GRANADA, 15 (EUROPA PRESS)
El abogado acusado de estafar, haciendo uso de su credibilidad profesional, a cerca de 30 personas, entre ellas amigos y clientes habituales, reconoció ante el tribunal que lo enjuicia desde hoy en la Audiencia de Granada que «engañó vilmente» a muchos de ellos, movido por la «desesperación» de tener muchos «problemas económicos» que no podía afrontar. «Esto ha sido mi ruina profesional, familiar y económica», aseguró.
De iniciales M.M.S.P., el letrado, que se enfrenta a una petición fiscal de tres años y nueve meses de prisión, multa de 3.000 euros e indemnizaciones a los afectados, indicó que acudió al Juzgado de Guardia el 7 de febrero de 2004 para confesar los hechos porque había recibido un ultimátum de las personas que habían sido supuestamente estafadas. Según explicó hoy, prometía negocios inmobiliarios ventajosos con fincas que iban a ser subastadas, para lo que exhibía a sus víctimas documentos judiciales que él mismo confeccionaba.

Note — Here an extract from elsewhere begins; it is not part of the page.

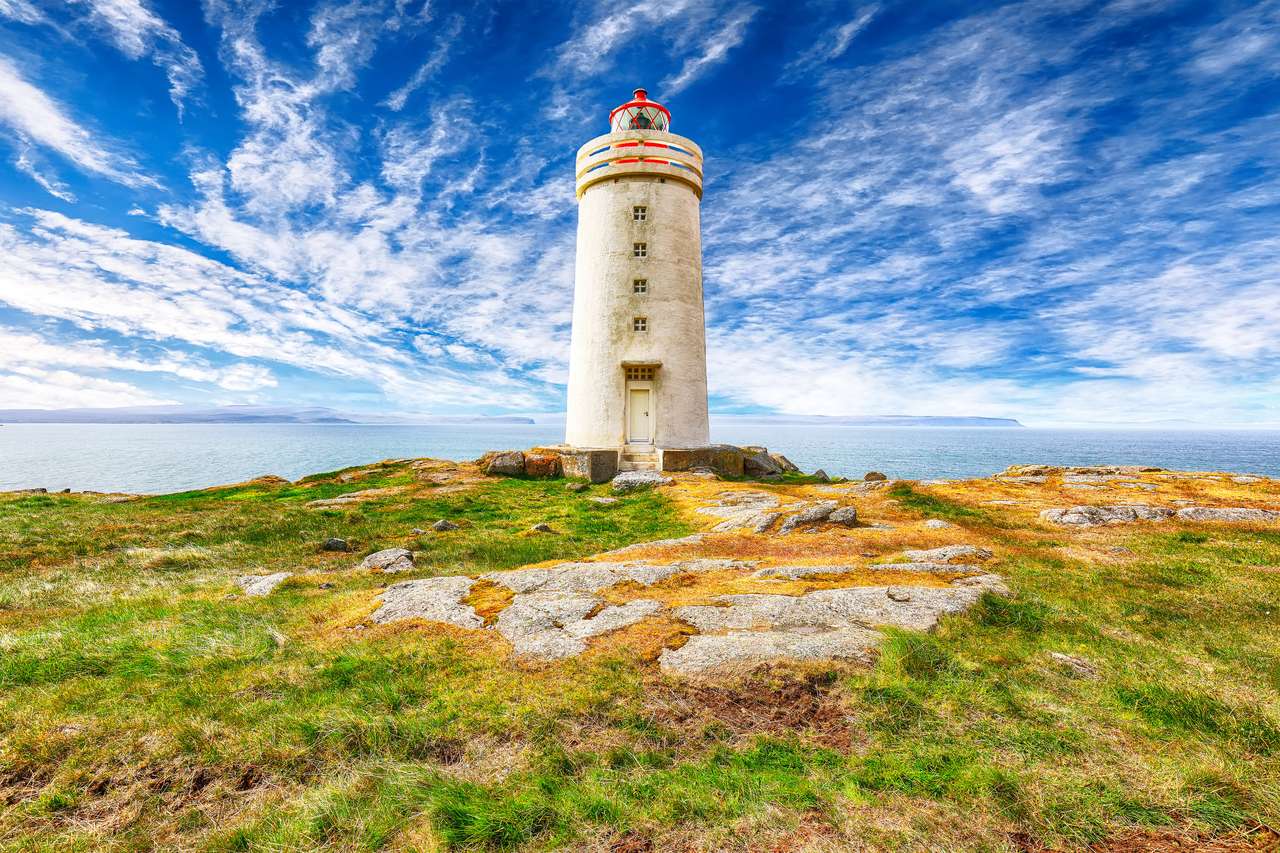 Skarsviti lighthouse in Vatnsnes peninsula online puzzle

Con el dinero que lograba en las transacciones, conseguía, según admitió, los fondos necesarios para cubrir sus créditos con otros inversores y acreedores anteriores. «Con esas cantidades pagaba a otros, y todo era una bola que me arrolló y me llevó por delante», mantuvo el abogado, que estuvo en prisión preventiva durante casi un mes en 2004.
Su trama comenzó en febrero de 2002, y, aunque en principio las operaciones eran «legales», después comenzaron a ser consecuencia de su situación «desesperada», por la que llevó a engaño a muchos de sus clientes, que confiaban en él puesto que les había hecho en ocasiones anteriores ganar mucho dinero. «Al final todo salió mal, y les engañé de mala manera», confesó.
Sus circunstancias, que le llevaron a trasladar sus negocios supuestamente fraudulentos fuera de la capital, donde ya era conocido, provocaron en él ganas de suicidarse y llegó incluso a escribir una carta de despedida. En ese momento, señaló, fue «tan imbécil» que destruyó mucha documentación que demostraría que algunos de los afectados le exigen un dinero que no debe.
En la sesión de hoy del juicio, que se prolongará hasta el próximo viernes, están personadas cinco acusaciones particulares en representación de los afectados. Una de ellas decidió no ejercer la acción penal al haberse comprometido el procesado a abonar una cantidad total de 160.000 euros a sus representados. También admitió hoy el abogado inculpado deber un total de 165.828 euros a otra parte acusadora, y 489.090 a otros afectados personados.
Según consta en el escrito de acusación provisional del Ministerio Público, el procesado comenzó a contraer deudas económicas en los últimos años de la década de los 90 y, cuando su situación comenzó a ser delicada, decidió ofrecer negocios a sus clientes, que conocían sus aptitudes en derecho, sobre todo en el mercado inmobiliario.
Les proponía, tanto a ellos como a sus familiares y amigos, obtener la cesión de remates de fincas que iban a ser subastadas en distintos juzgados de primera instancia de Granada, con unas condiciones económicas «muy favorables y tentadoras» para los potenciales inversores. En algunos casos, según relata el fiscal, esos procedimientos no existían y en otros sí, pero referidos a fincas de titularidad diferente a la manifestada por el acusado.
El abogado exhibía a sus clientes ciertos documentos judiciales «en apoyo de sus pretensiones» con los sellos del juzgado, las firmas del juez, el secretario judicial y, en algunas ocasiones, hasta con la firma del comisario de la quiebra, que no habían sido sin embargo estampadas por éstos, sino por el propio procesado.
Todo ello, señala el Ministerio Público, para «mover» a sus clientes a la realización de dichas operaciones y satisfacer su ánimo de lucro ilícito, obteniendo grandes cantidades de dinero para sufragar las operaciones de cesión de remate «que no eran reales».
Así, entre el año 2003 y el mes de enero de 2004, consiguió de casi una treintena de personas más de 2,6 millones de euros. No obstante, empujado por la situación en la que se hallaba, el abogado se personó el 7 de febrero de 2004 en el Juzgado de Guardia de Granada para confesar su participación en los hechos narrados, lo que permitió el inicio de la investigación judicial. El letrado consignó durante la instrucción de la causa un total de 210.000 euros en concepto de responsabilidad civil derivada.
El fiscal, que le acusa de un delito continuado de falsedad en documento oficial en concurso medial con otro continuado de estafa, pide para el procesado, además de la pena de cárcel y multa, el pago de todas las cantidades recibidas por los perjudicados.